Who wouldn’t be in favor of that?

With that said, I don’t like this proposal. If passed, this deregulation would lessen the quality of the regular season.

It saddens me to say it, but that’s exactly what would happen. With just only four spots available in the College Football Playoff, conferences will start using a seeding system when creating the league schedule. Since divisions wouldn’t exist anymore, there would be nothing to stop the schedule makers from keeping the top teams away from one another during the regular season. By avoiding dangerous matchups as often as possible, the leagues can place themselves in position to land two teams in the bracket – regardless of what happens in the conference championship game.

While this approach will generate more money, it will ultimately result in teams playing a weaker slate every year. After all, how could a league have three or four teams in contention for a playoff berth if these squads all hang losses on one another during the regular season?

It couldn’t. That’s why if this legislation goes into effect, the conferences will have no choice but to water down the docket. As a result, college football fans will see fewer Iron Bowls, and more Florida State – Wake Forest tilts.

No one wins in that situation.

Even if the league commissioners chose to stick with a competitive schedule and/or divisional format, deregulating the conference championship games could still compromise the integrity of the regular season.

For example, if the Big 12 were allowed to play a title game, it would always be a rematch since the league uses a round robin format. Allowing this to happen completely invalidates the first meeting, as only the winner of the second contest would capture the all-important conference championship.

The madness doesn’t stop there. If the NCAA permitted each league to choose the two participants for the championship game, there’d be nothing to stop them from choosing two teams from the same division, which would negate the result of the previous meeting.

Although letting the conferences decide who plays for the title would usually result in more competitive games, it could also produce its share of controversy. Consider the case of the SEC last year, where Auburn, Missouri, and Alabama each finished with one loss. The league could have chosen to pit Alabama (one second away from an unbeaten season) against Missouri in the conference title game, essentially guaranteeing Auburn a berth in the playoffs.

But it would have deprived the Tigers of an opportunity to win the league championship.

On the other hand, the SEC could have opted for an Iron Bowl rematch since the Crimson Tide and Tigers were the two highest ranked teams. Had this matchup produced another nail-biting finish, it could have knocked Missouri out of the national championship picture, even though Gary Pinkel’s squad won one of the toughest divisions in college football.

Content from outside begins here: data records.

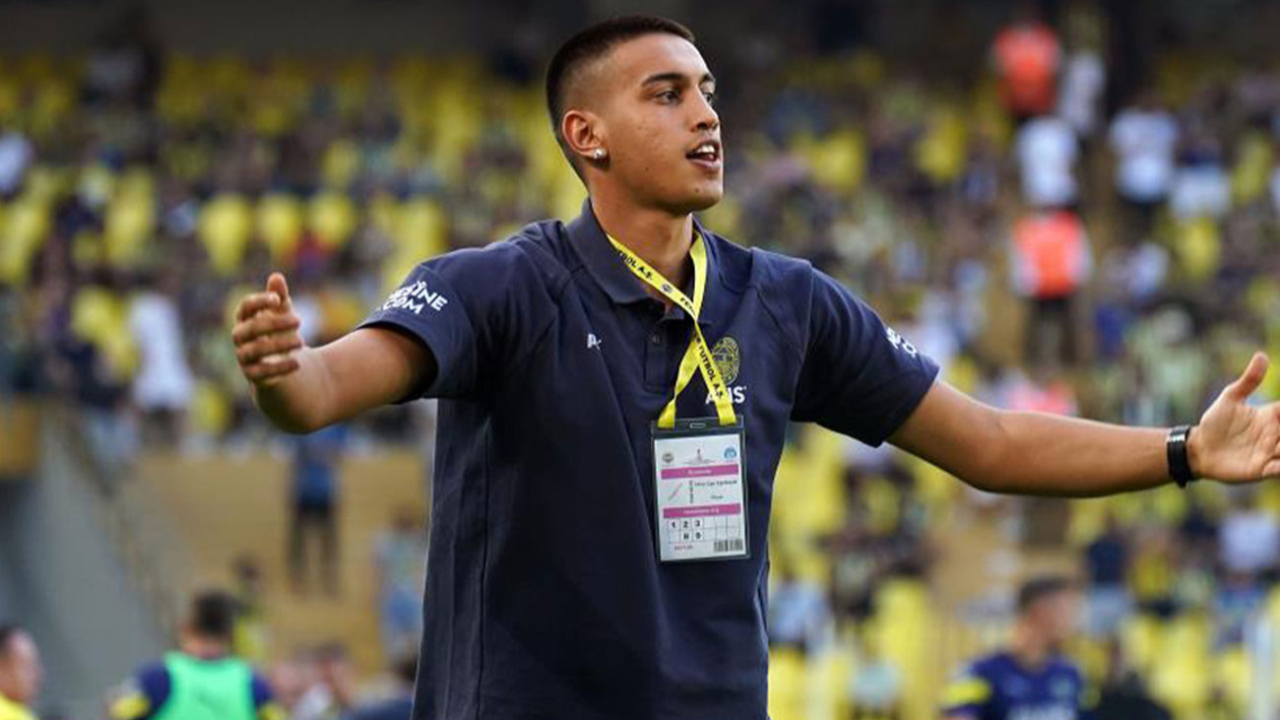 Kadıköy'de tribünlerden yeni transfer İrfan Can Eğribayat’a sevgi gösterisi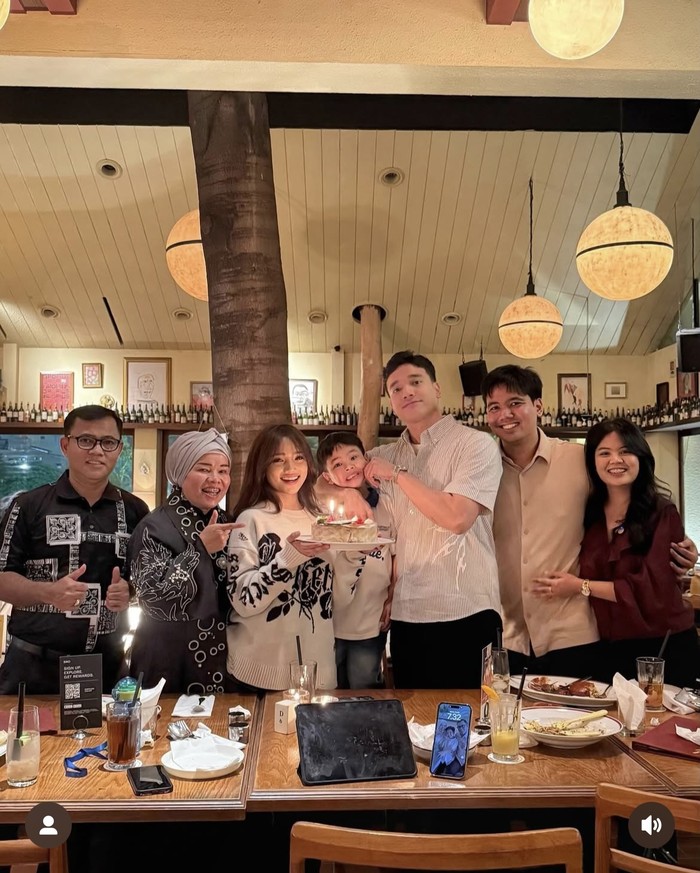 Intip Keseruan Fadly Faisal Kulineran di Thailand hingga Jepang
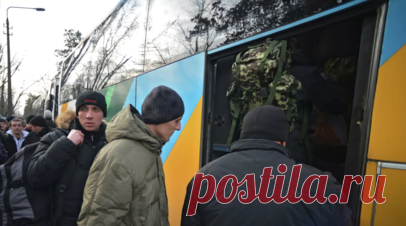 Кишак: на Украине установят блокпосты для раздачи повесток. Советник городского главы Ивано-Франковска Назарий Кишак в своих соцсетях написал, что на территории всех городов Украины в конце декабря установят блокпосты для раздачи повесток. Читать далее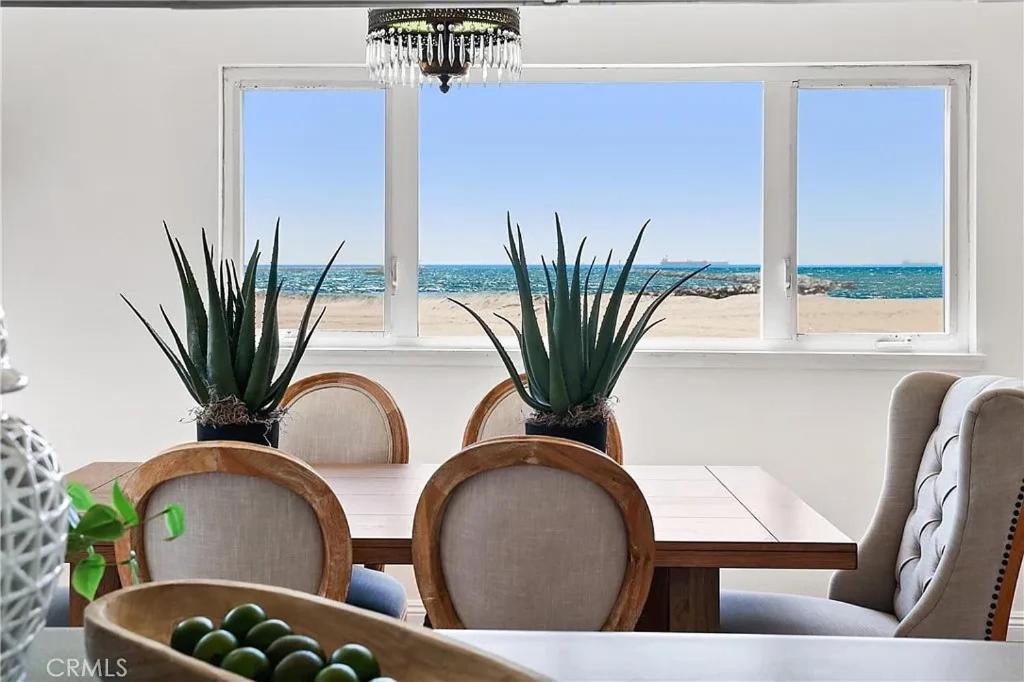 Old Towne House | Beachfront 3 Bedroom 3 Bath In Seal Beal, Ca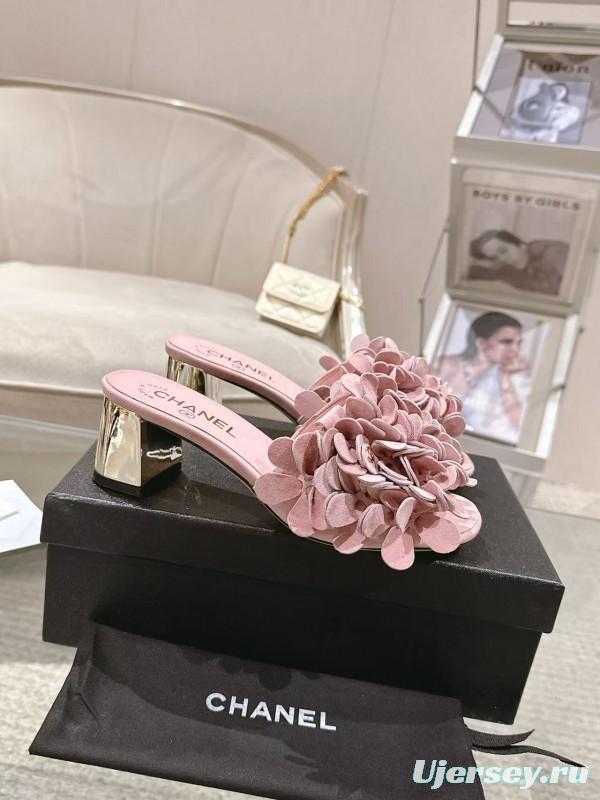 2025 Women Chanel Pink Suede Flower Mule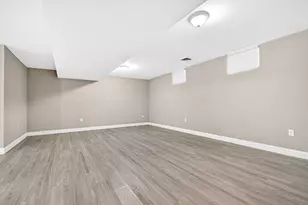24 Crest Ave, Revere, MA 02151 - Photo 17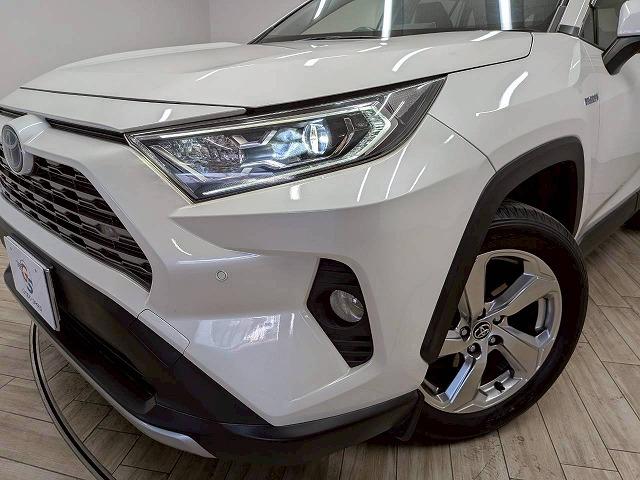 ＲＡＶ４ ハイブリッドＧ　純正９インチナビ／レーダークルコン／パワーバックド／レーンキープアシスト／黒革／パワーシート／シートヒーター／ステアリングヒーター／地デジ／バックカメラ／ＢＳＭ／ＥＴＣ／スマートキー（74枚目）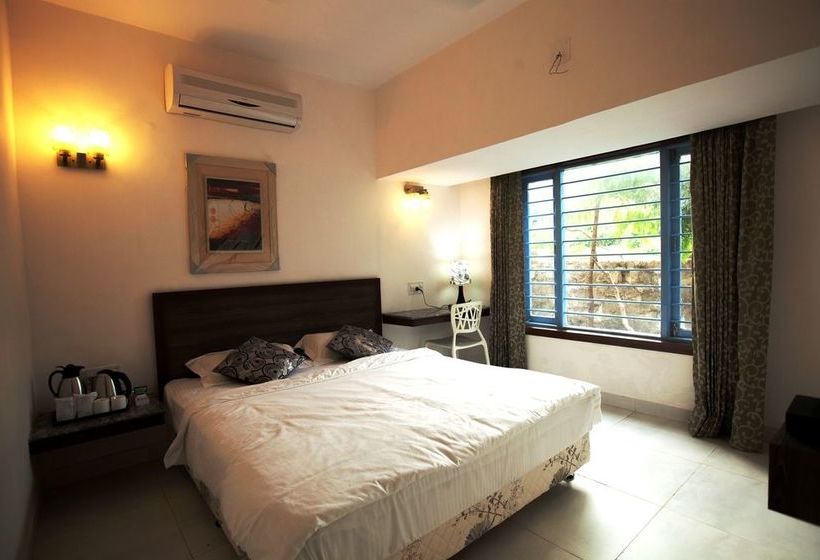 Hotel Humming Bird Resort 8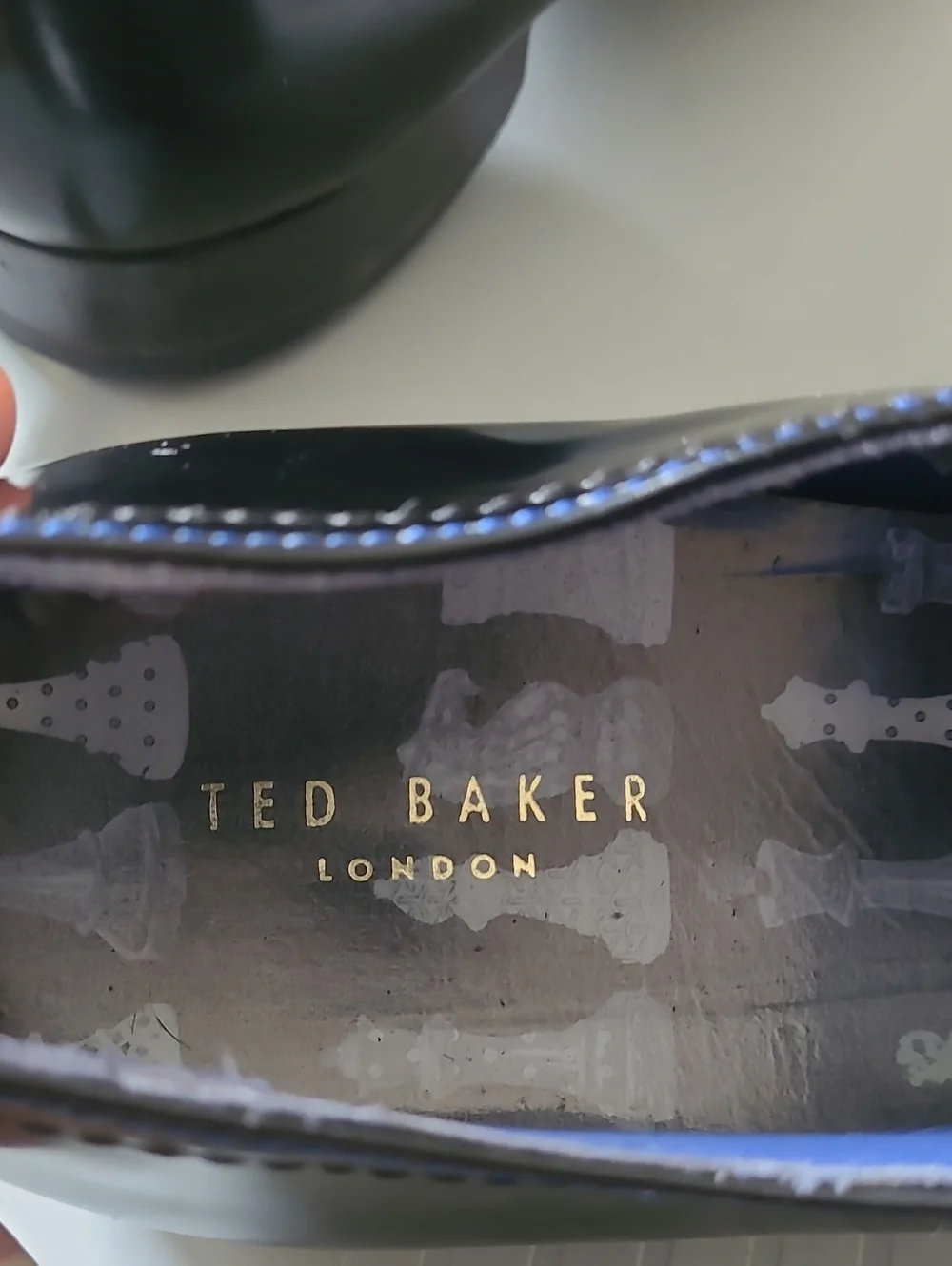 Ted Baker London sleek black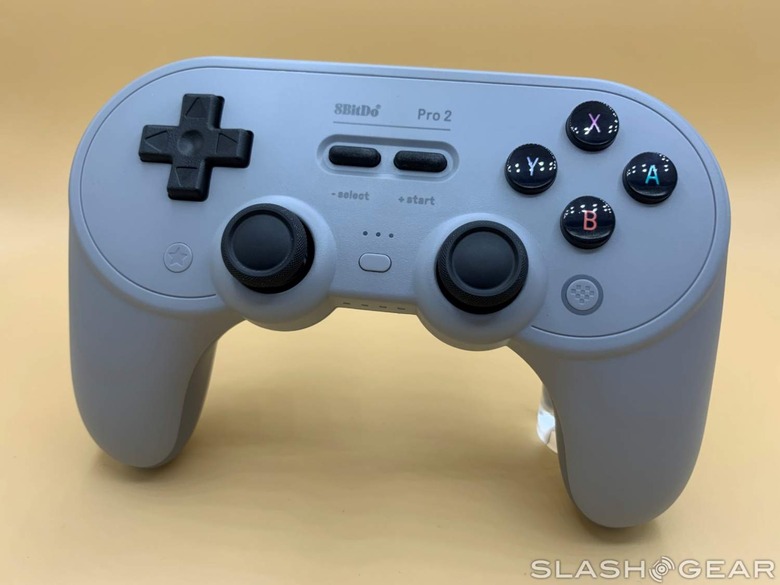 8bitdo Pro 2 Controller Review Excellence Refined Slashgear 8bitdo Pro 2 Controller Review Excellence Refined Slashgear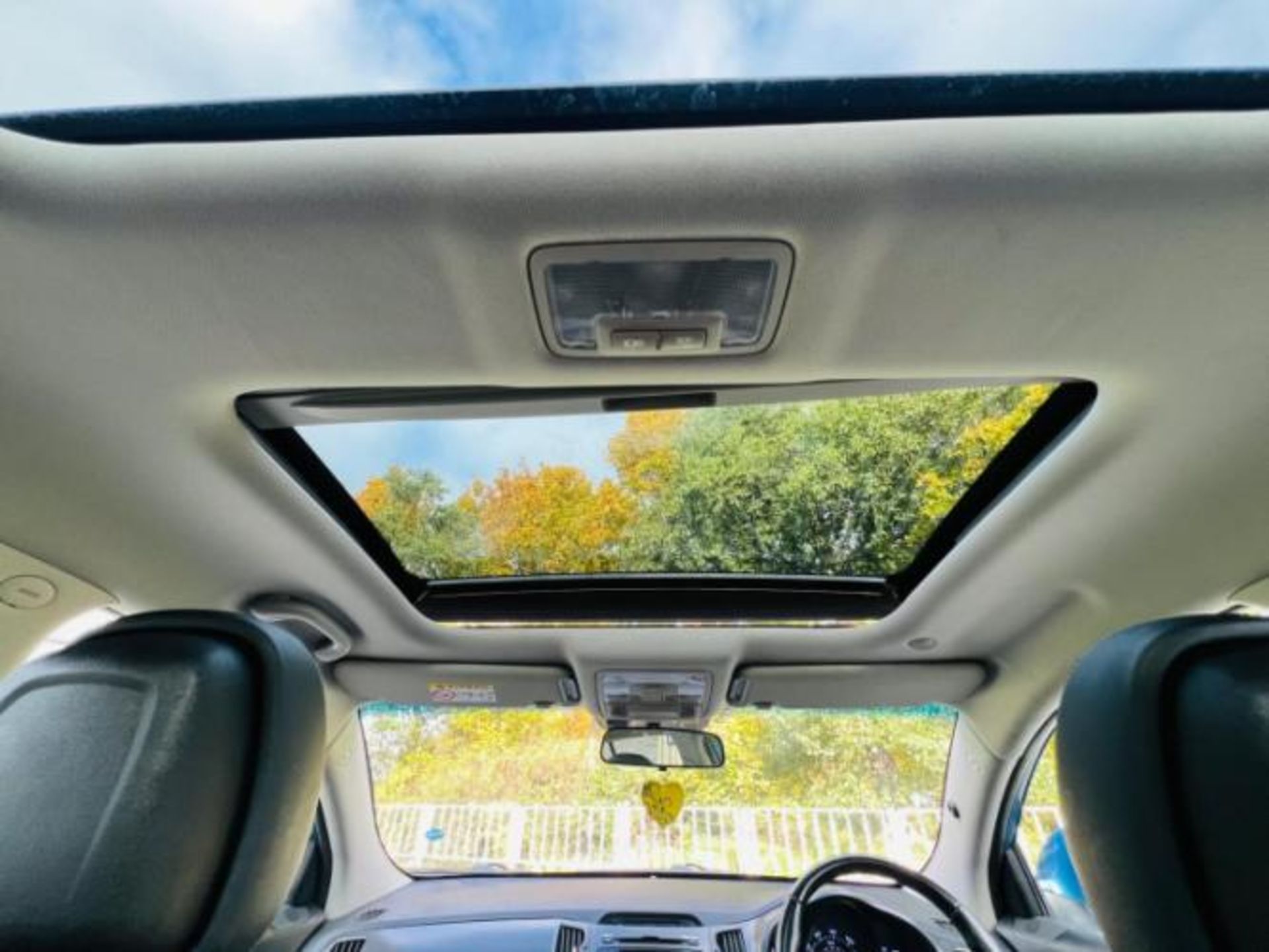 2014 KIA SPORTAGE 1.7 CRDI ECODYNAMICS 2 2WD>>--NO VAT ON HAMMER--<< - Image 11 of 34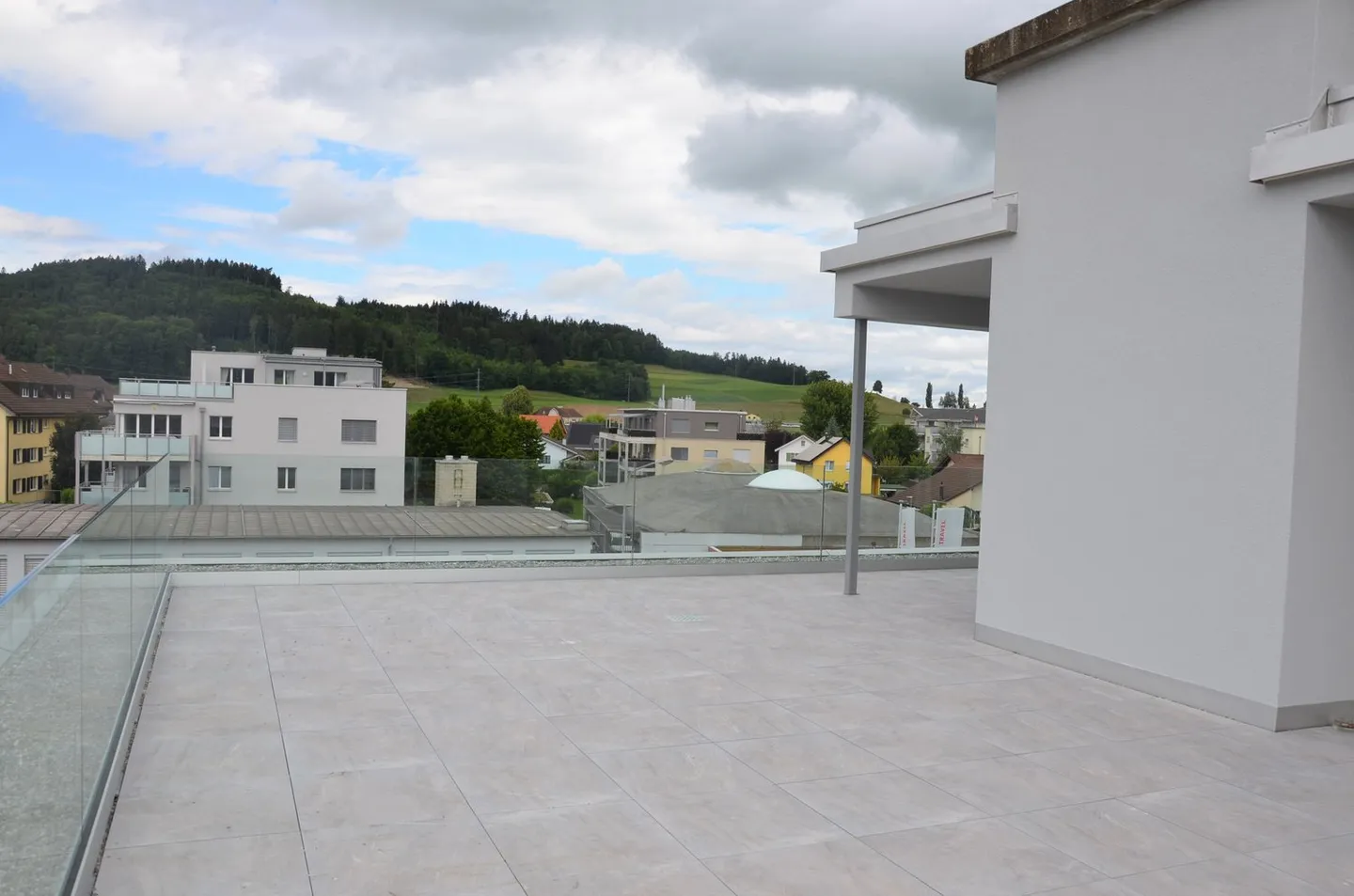 heller Praxis-/Büro-/Gewerberaum in repräsentativem Geschäftshaus an bester Lage - Foto 3 von 6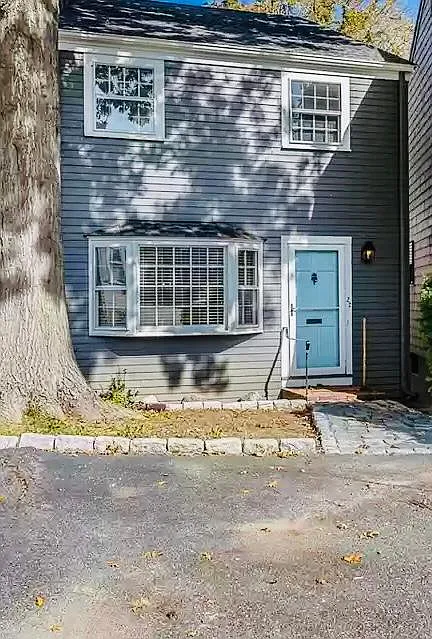 22 Bradford Ct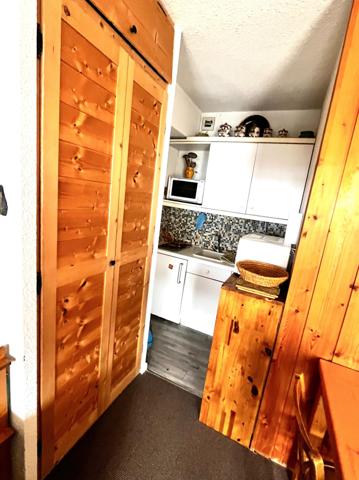 Venez découvrir ce STUDIO MEUBLE de 23M2 avec BALCON EXPOSE SUD , CAVE et son BOX FERME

Or more frighteningly, a tight Alabama – Auburn rematch could have given the SEC three teams in the bracket. Since Missouri would have finished the season with just one loss, it’s not unreasonable to assume that the Selection Committee would take the Tigers over Michigan State. It certainly wouldn’t be the first time that a more qualified one-loss team missed out on an opportunity to play for the all the marbles (see: 2011).

Does the ACC really want to endorse a system that would give its most heated rival the type of power to create the above scenario?

Of course not!

As the paragraphs above demonstrate, college football’s governing body needs to reject the ACC’s proposal to deregulate conference championship games. Sure, it might produce more competitive league title games, but it will do so at the expense of the regular season, while empowering conferences to manipulate the playoff system.

That’s hardly an upgrade over the now-defunct BCS system.